Thank you for your interest in contributing to our BDD100K models repository. Our goal is to provide a comprehensive list of models for each task to fascilitate research on BDD100K. You can help us by contributing your models.
Contributing your models is as easy as making a pull request on our repository, which anyone can do!
- Fork and pull the latest version of BDD100K-Models.
- Create a new branch and add your models there (see what to add).
- Commit your changes.
- Create a pull request.
We provide a template for each task which you should exactly follow.
- First, submit your model predictions on both the validation and test set to our evaluation server (hosted on eval.ai) to obtain the official results.
- Next, provide all the necessary files shown in the template. See the general guidelines and the task specific guidelines for the exact files to include.

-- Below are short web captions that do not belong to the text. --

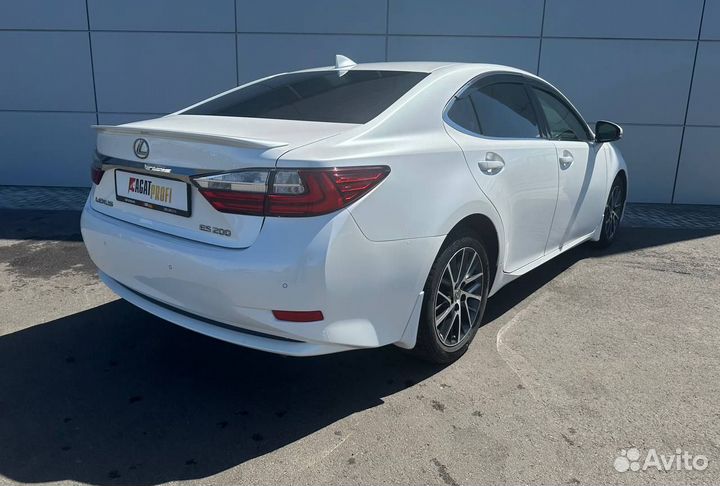 Lexus ES 2.0 AT, 2016, 113 602 км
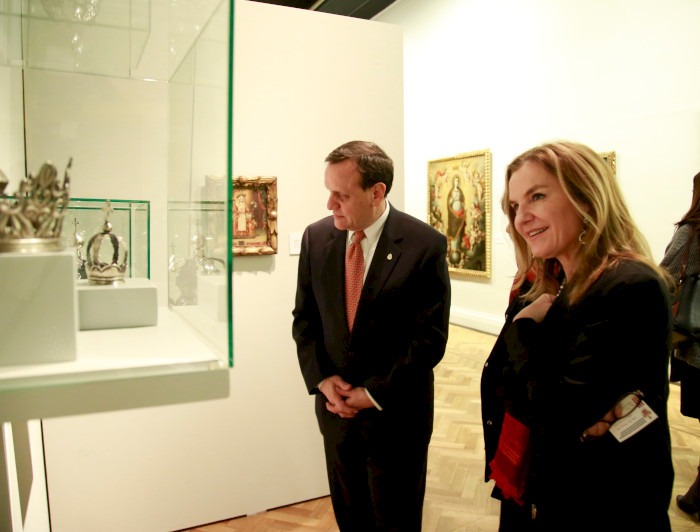imagen correspondiente a la noticia: "Exposición de la Colección Gandarillas fue inaugurada en el Museo Nacional de Bellas Artes"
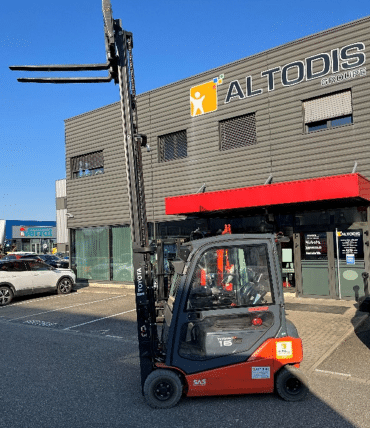 CHARIOT ÉLÉVATEUR TOYOTA 8FBM16T – 1T6 – F6673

- Once you have everything, submit a pull request to add your model to the README of the corresponding task and we will verify your results based on your provided information.
- If everything looks good, we will merge your PR!
For now, we are only accepting models that are/will be published in top-tier venues (e.g., CVPR, ICCV, ECCV, etc.).
The general guidelines should be followed for any model contribution for any task. Copy this checklist to the description of your PR and fill the box of each completed item with an X.
- Upload all your files to publicly available online storage services (e.g., Google Drive) so your files can be accessed indefinitely.
- Paper:
- Include a link to your paper (preferably on arXiv) and the venue and year the paper is/will be published in.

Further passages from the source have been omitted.